Udawalawe National Park was created to provide a sanctuary for wild animals displaced by the construction of the Udawalawe reservoir on the Walawe River. Today it is an important habitat for Sri Lankan elephants, which are relatively easy to see in their open habitat. Many elephants are attracted to the park because of the reservoir, with a herd of about 250 believed to be permanently resident. Udawalawe is also a good bird watching site.
Yala National Park is the most visited and second largest national park in Sri Lanka. It is situated in the southeast region of the country and covers 979 km² (378 sq mi).
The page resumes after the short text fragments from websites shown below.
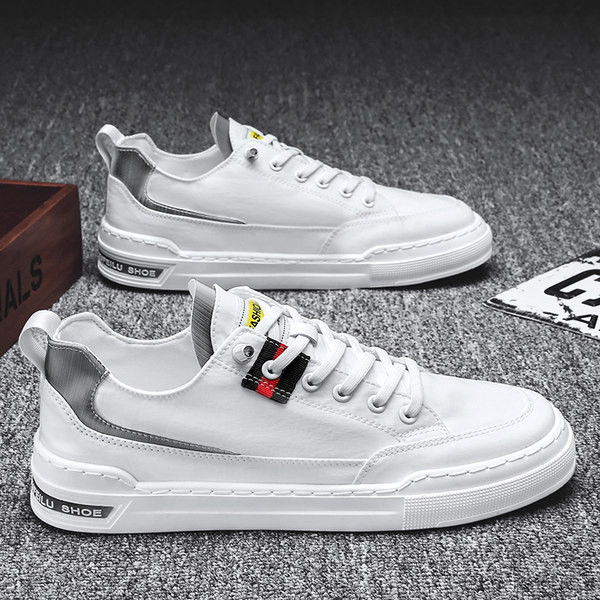 Ležerne muške tenisice s ravnim potplatom - bijele, crne i smeđe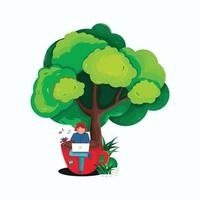 Illustration design vector of a man working casually under a big tree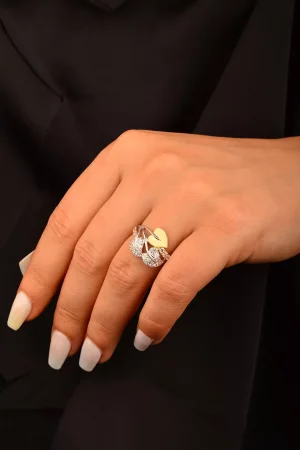 Cebeci 14 Ayar Taşlı Yaprak Altın Yüzük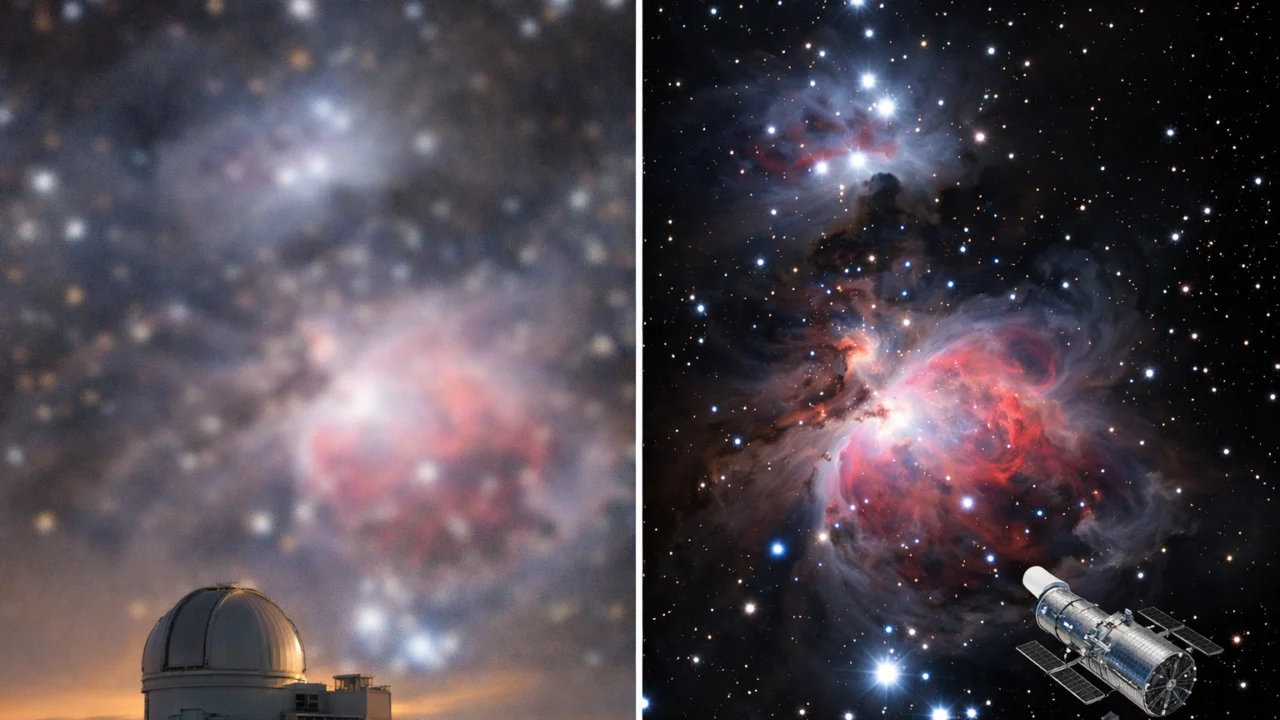 Usporedba zemaljskog i svemirskog teleskopa pokazuje prednosti promatranja izvan atmosfere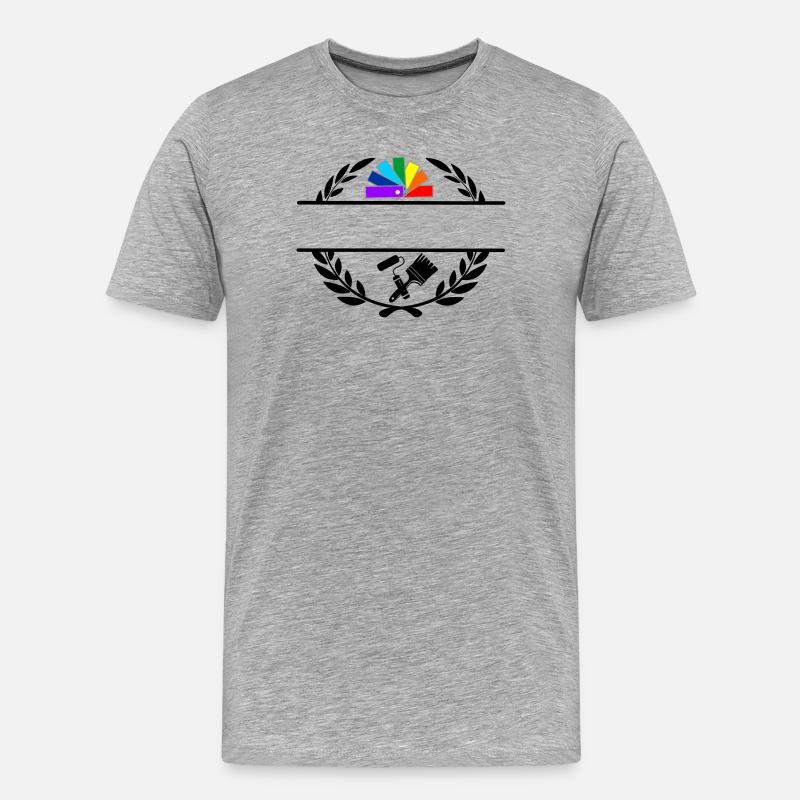 Farbfächerdeck in Lorbeerkranz mit Pinselroller - Männer Premium Bio T-Shirt - Grau meliert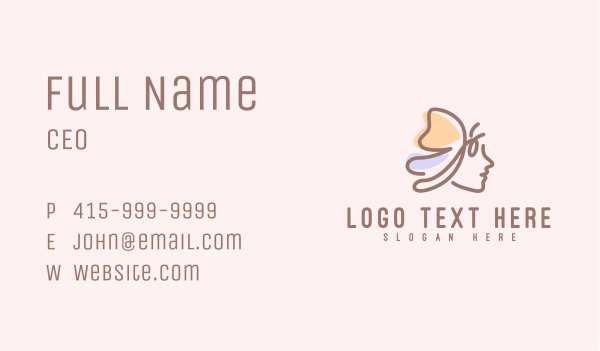 Pastel Butterfly Lady Business Card Design Image Preview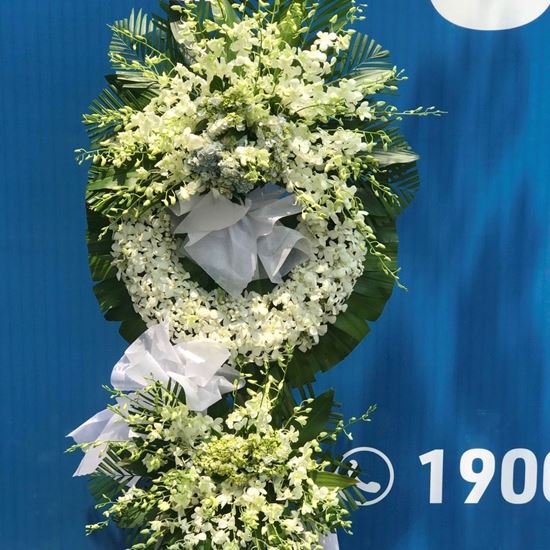 Vòng hoa viếng tone trắng - KV14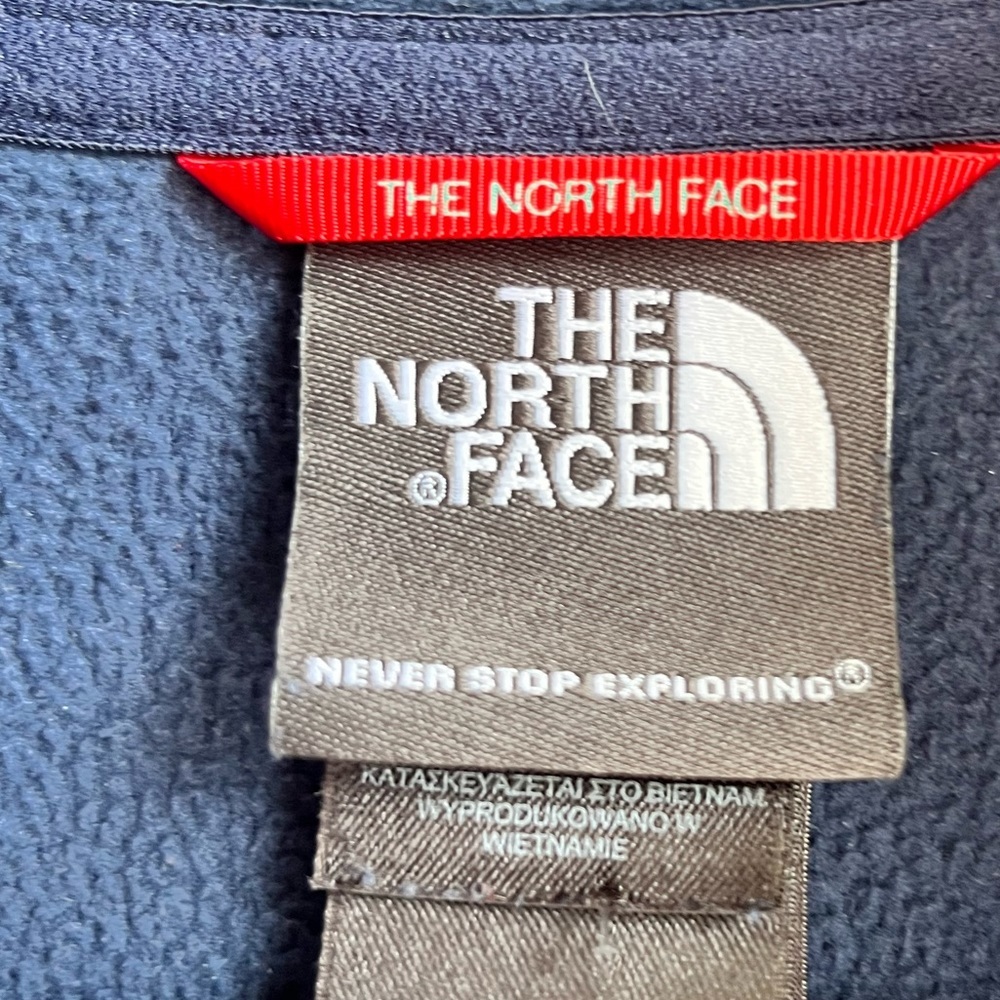 THE NORTH FACE Navy Blue Quarter-Zip Long Sleeve Pullover Fleece Men’s Medium - Picture 6 of 8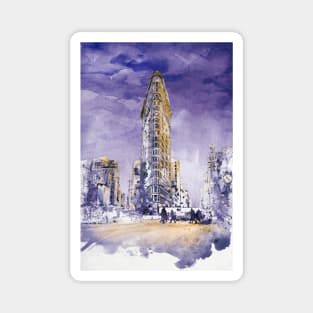 New York Watercolor Cityscape - Flatiron Building Magnet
Yala is a wildlife sanctuary best known for its variety of wild animals. 215 bird species, 46 reptile species and 44 mammal species are resident in Yala and it has one of the highest leopard densities in the world.
Sinharaja Rainforest is a biodiversity hotspot of international significance and has been designated a World Heritage Site by UNESCO. It is a treasure trove of endemic species, including trees, insects, amphibians, reptiles, birds and mammals but because of the dense vegetation, wildlife is not as easily seen as in dry-zone national parks.
Dolphin and Whale watching is also possible in Sri Lanka as its waters are very rich in cetacean species with twenty seven species being recorded to date. One hundred and five river systems contribute a steady nutrient flow to the ocean. This together with continual upwelling at the edge of the continental shelf creates ideal conditions to support a food chain all year round in the warm tropical waters. However, to see marine mammals, location and time is all important.